To understand why this is such a terrific movie, begin with Lóra Barbara, the young actress who plays Stella, who's superb. Sometimes she's plain. Sometimes she's lovely. Sometimes she seems tiny. Sometimes she's big. Always, she's present. And she narrates (a device that's seamless and delicate, guiding us often but never intruding).

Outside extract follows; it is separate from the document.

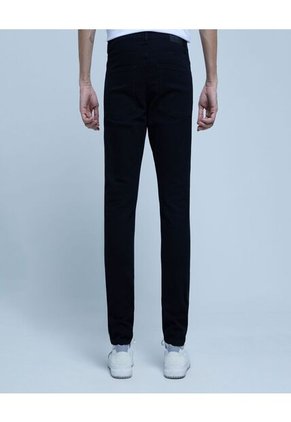 Jean Para Hombre Skinny Color Negro Marca Ostu #60160300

The essence of the story is that though Stella happens to find her one friend in Gladys (Melisa Rodrigues), a more middle-class girl from an intellectual Argentinian Jewish family, and Gladys is the best student in her class, Stella finds out she doesn't know a lot of things she needs to know. She knows about pinball and cards and pop music and TV and football and how a bar is run. European history and Greek mythology, Balzac and Cocteau are a mystery to her. And at first she doesn't care, and she comes home with all F's. Her father (played charismatically by cool singer-songwriter Benjamin Biolay) is sexy, and well-liked and her mom (Karole Rocher) runs the café and is good looking. They're "stars" in the neighborhood. But she's angry and sad and is two-timing him with one of the regulars, and dad drinks too much and is weak. Her older brother Loïc (Johan Libereau) tries to help, but can't. Very kind to Stella is another local, Bubu (Jeannick Gravelines), but his motives turn out to be ugly indeed.

Under Gladys' influence, Stella begins to read. Marguerite Duras and Balzac become her friends. But they don't yet help her in French class, where the teacher finds her spelling utterly pathetic.

Life at the café is entertaining to come home to. And there's Alain-Bernard (Guillaume Depardieu, sadly, dead four months ago at 37), the kind, charismatic regular Stella's got a crush on. She plays cards, and is good. She plays the pinball machine with Alain-Bernard too. There's always something going on. It's fun, but it's chaotic, and it distracts Stella from studying, or keeps her from going early to bed. There is TV to watch (Gladys' family don't have one; they're "against" it). Sometimes the working-class patrons seem more childish than the bourgeois kids at the school, whose teachers are imperious and demanding gatekeepers of French high culture. This is a contrast to the present-day 'banlieue' school depicted so accurately in Cantet's recent prizewinner, The Class. No teacher is going to bend to Stella. Some of the teachers are abusive and throw tantrums--or throw a kid's stuff out the window.

In the summer Stella's parents dump her off somewhere in the country with her grandmother, her father's mother, who steals from the till when she visits them in Paris. At school, Stella's a hick, a nothing, not too smart and not too cool. In the country, she's "rich," because from Paris. But here too she's a misfit because her only friend is a girl with a retarded brother and a nasty scary alcoholic dad, Genvieve (Laetitia Guerard), who herself is shunned by most of the other kids in the northern French village.

Verheyde shows a masterly ability to film all these milieus and make them seem like it's just happening and the camera's a fly on the wall. The cinematography by Nicolas Gaurin is light as a feather. This filmmaker creates a turbulent world, yet knows how to stop and let her story breathe. There were many moments that reminded me why I love French cinema.

Stella opened November 12, 2008 in Paris to excellent reviews. There's not much you can say against this film, though some thought the screenplay ought to have been less episodic. Shown as part of the Rendez-Vous at Lincoln Center March 2009. No US distributor, but this is highly recommended. 103 minutes.